Step 6 – Testing between the two homeland hypotheses

The Bayesian approach we employ means that we can directly test support for the Steppe homeland hypothesis versus the Anatolian homeland hypothesis. This is because the method we use does not produce a single answer – e.g. the homeland is at x degrees longitude and y degrees latitude. That would not be all that useful, because if you want to test between competing theories, you need some estimate of uncertainty – how sure are you that the origin is at one location versus another?

There is uncertainty in the relationships between the languages (nobody can say with absolute certainty that one particular family tree is the true one – for 103 languages there are more possible trees than there are atoms in the universe!), there is uncertainty in the time scale (we can’t know for sure exactly how fast languages change), and even if we knew the family tree and time scale exactly, there is uncertainty in the geographic expansion process so we cannot pin down the location of the root exactly.

One of the major advantages of the Bayesian approach is that we do not produce a single answer, but instead account for all those uncertainties using some clever algorithms (called Markov Chain Monte Carlos methods) that sample language trees, divergences times and locations at all points on the tree, in proportion to how likely they make our observed data. In terms of the origin location, if an origin is twice as likely, and we do not prefer any location over any other a priori, then we should see it twice as often in our sample.

So we were able to run our analyses and directly compare how often the origin locations we inferred fell in the range proposed for the Steppe theory versus in the range proposed for the Anatolian theory. In fact, we considered two different versions of the Steppe theory, just to make sure our findings were not contingent on the exact area ascribed to the theory.

As we report in the paper, using either version of the Steppe theory, it was the Anatolian theory that came out on top. You can see this visually in our Figure 1, below. Virtually none of the points fall within the region implied by a Steppe origin. In the main table in our paper, we quantify this support using Bayes Factors, measuring the relative support for the Anatolian theory compared to either steppe theory. Our analysis finds that an Anatolian origin is orders of magnitude more likely than a Steppe origin.
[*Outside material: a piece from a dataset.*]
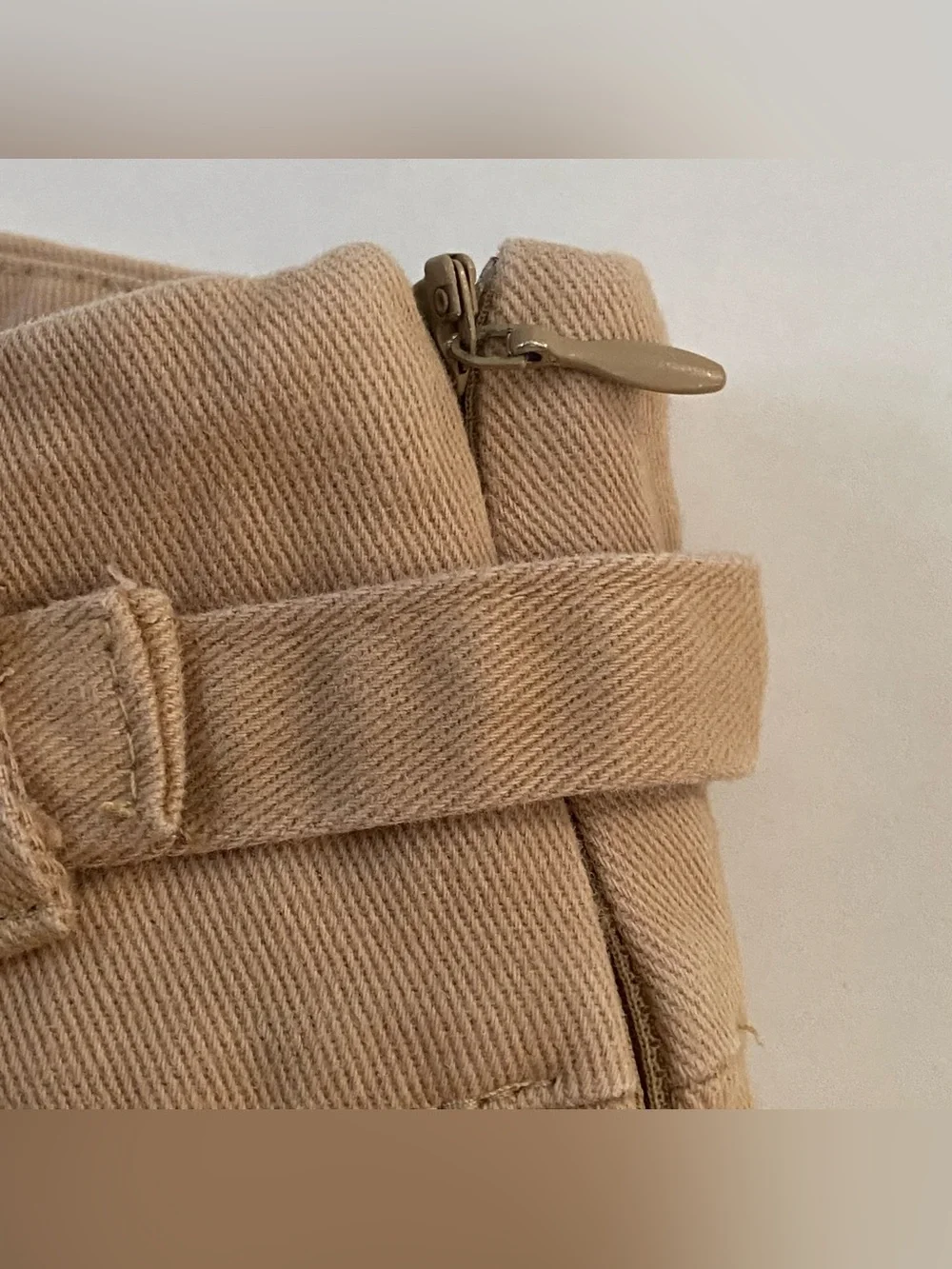 Zara Kids School Uniform Belted Pleated Khaki Tan Mini Skirt Girl's Size 11-12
Figure: Map showing the inferred geographic origin of the Indo-European language family. Our Markov chain Monte Carlo sampled locations are plotted in translucent red such that darker areas correspond to increased probability. The blue polygons delineate the proposed origin area under the Steppe hypothesis; dark blue represents the initial suggested Steppe homeland, and light blue denotes a later version of the Steppe hypothesis. The yellow polygon delineates the proposed origin under the Anatolian hypothesis. A green star in the steppe region shows the location of the centroid of the sampled languages.